Sammy Wilson made the comments yesterday in an article for The Daily Telegraph in which he spoke positively about the possibility of a lengthy delay to Brexit, something which would necessitate the UK holding European elections in May.
The outspoken East Antrim MP wrote: “Even if we are forced into a one-year extension, we at least would have a say on the things which affect us during that time and would have the right to unilaterally decide to leave at the end of that one-year period through the simple decision of not applying for a further extension.
“Surely this is a better strategy than volunteering to be locked into the prison of the withdrawal deal with the cell door key in the pocket of Michel Barnier?”
“Besides, the fact remains that Brexit can only be lost if the Government decides to abandon pursuing negotiations to leave the EU.”
A DUP source last night said that Mr Wilson was not speaking for the party on the issue.

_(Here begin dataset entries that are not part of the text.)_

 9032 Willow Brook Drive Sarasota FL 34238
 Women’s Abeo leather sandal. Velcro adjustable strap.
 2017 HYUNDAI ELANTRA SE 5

Mr Wilson’s article was published online shortly after Sky News reported that an unnamed source had said that the DUP now considers a long extension to Brexit to be preferable to the prime minister’s deal.
Sky News said that some in the DUP believe that if the prime minister is forced by MPs to request a longer extension, there may be a change of Conservative leader to someone who could force through a different deal. The broadcaster quoted a source close to the DUP’s recent talks with the government as saying that DUP MPs are moving towards “a long extension, perhaps a year or more, which would mean a change of leader and a different approach”.

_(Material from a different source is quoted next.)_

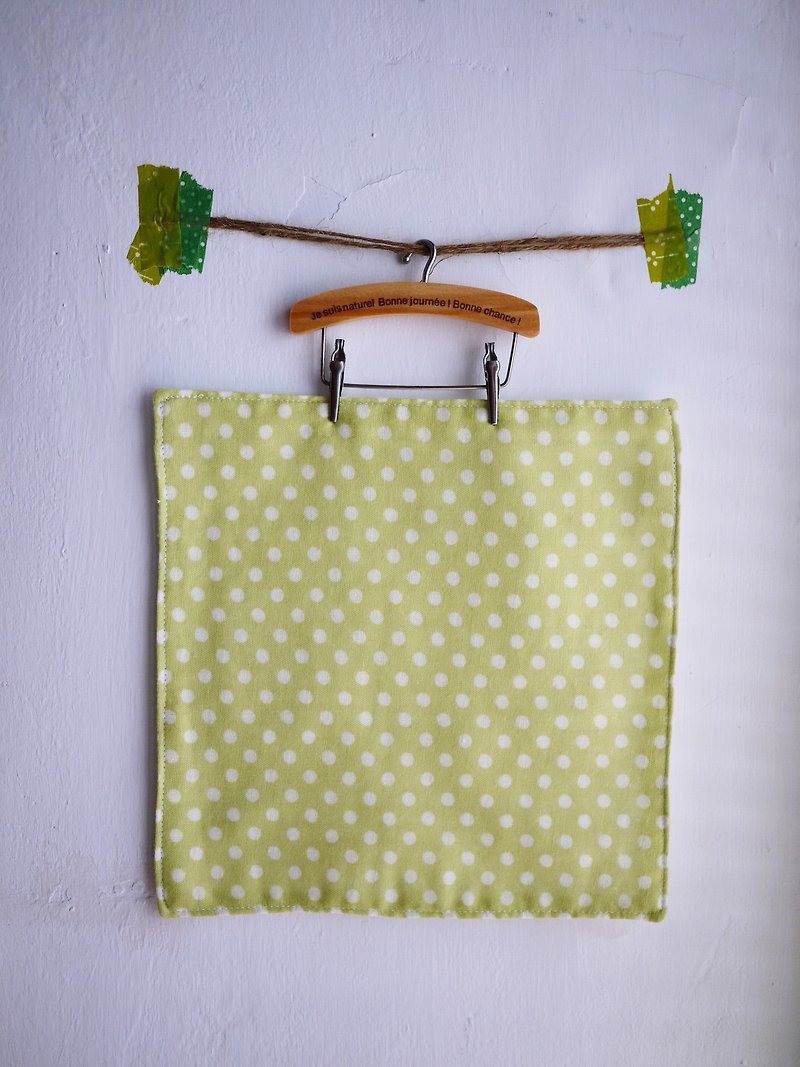 Limited edition section = Japanese double yarn handkerchief = dot = yellow green - ผ้าเช็ดหน้า - ผ้าฝ้าย/ผ้าลินิน สีเขียว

In his article for The Daily Telegraph, Mr Wilson said that Mrs May’s proposed Withdrawal Agreement “itself means no Brexit” because it would mean that “the EU has the legal power to prevent us ever leaving except on their draconian terms, which would include a Customs Union and adherence to EU regulations.
“Those who negotiated the agreement have been quite open about that. They insist that the terms of the deal will be the basis for any future relationship with the EU.
“They also make it clear that different treatment for Northern Ireland will have to continue. As Leo Varadkar has said, the agreement’s terms settle the arrangements required to keep the Northern Ireland border open.”
Mr Wilson said that the the DUP had “worked assiduously with the government to try to get changes to the agreement and will continue to do so”. But, despite the hopes of Mrs May, Mr Wilson said bluntly: “We will not vote for an unamended or unchanged version [of her deal].”
Mr Wilson said that Leo Varadkar’s claim that “they can deal with Irish border trade without any need for one stick of infrastructure along the border, is the final proof that the exit deal is based on one big con job.
“The Irish border was never an issue. It was used to secure a leaving arrangement which would dictate the restrictive terms of the UK’s future relationship with the EU.”
In a brief statement, the DUP gave no hint of a shift in its position. The party said: “Our position remains unchanged and as previous set out.
“We will judge all proposals and scenarios on the basis of our objectives to maintain the integrity of the United Kingdom and deliver on the referendum result.”